Last Friday, instead of creating my normal weekly enewsletter, I just sat down and wrote a letter.
I went into Constant Contact (the program that lets me send out individual emails to the 7,000 people on my email list each week), I pulled out all the bells and whistles, the ‘click to see this in your browser,’ the ‘post this to social media,’ all the images and the links … and just wrote a letter about what was happening in Boston and how disconnected I felt, here in a Boston satellite town.
I just needed to really connect.
I even changed the font on the email so it looked like a letter to me, using the old Courier font that I loved from things I wrote as a kid, on typewriters like the dusty old Royal that sits on my studio shelf … with its incongruous, marvelous beveled window on the side so you can see the mechanics of its keys at work – and its keys sticking like they were hoping you’d start writing.
Last Friday was a moment I needed to step out of my role as performer, composer, orchestrator, online-course-designer, whatever — and just reconnect as human-to-human.
And what happened afterwards helped me stitch my life back together.
After the email went out we got the usual flurry of “out-of-office” responses … but then real responses began coming in. Some simple, some long. Some with stories about the writer’s own feelings and disconnect, or about their family; some with just ‘My heart is with everyone in Boston.’
And instead of listening to the news, or checking the Twitter feed, I just sat there and wrote back to each person.
Email after email, each one like a stitch with silken thread. Each email brought me closer and closer to connection. I could feel it happening.
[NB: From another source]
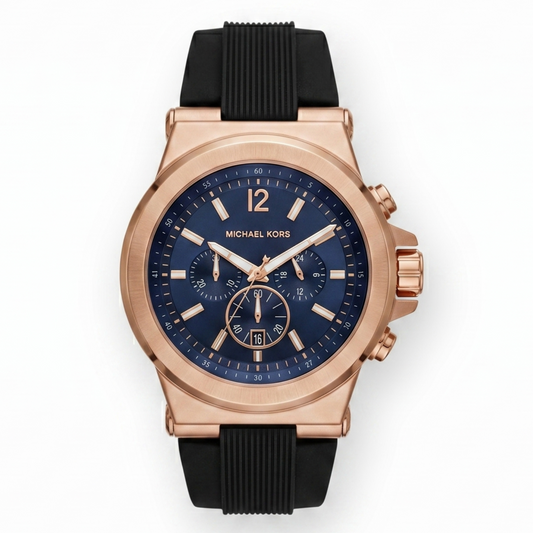 MICHAEL KORS Watch MK8295 SILVER - ROSE GOLD FOR MEN in Egypt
Like sewing a strong patch over a big hole on a beloved pair of jeans – each stitch, each email, made me more able to fit back into my own life.
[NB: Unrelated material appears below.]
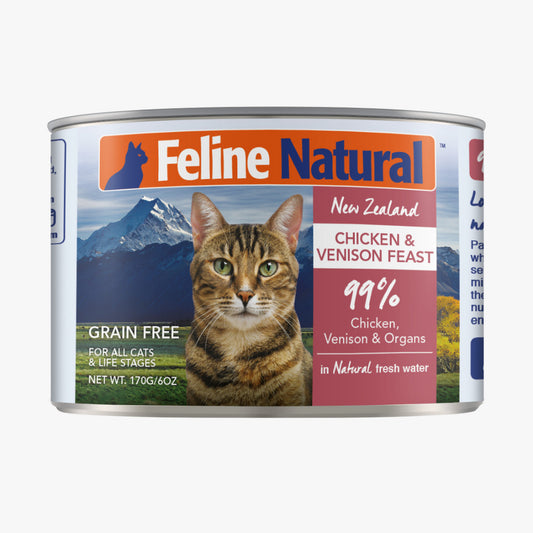 Feline Natural Chicken & Venison Feast Canned Cat Food Cat Wet Food 170g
I wrote nearly 80 emails that day, and every one was a tiny stitch in my sense of connection.
So … thank you.
To everyone who reached out to me via email, or Facebook or Twitter or my blog, and to the others who reached out in spirit … thank you.
Thank you for being part of that thread.
Thankyou Deborah,
Its normal for you to have support, you share so much and help other musicians progress. I love your playing and great talent.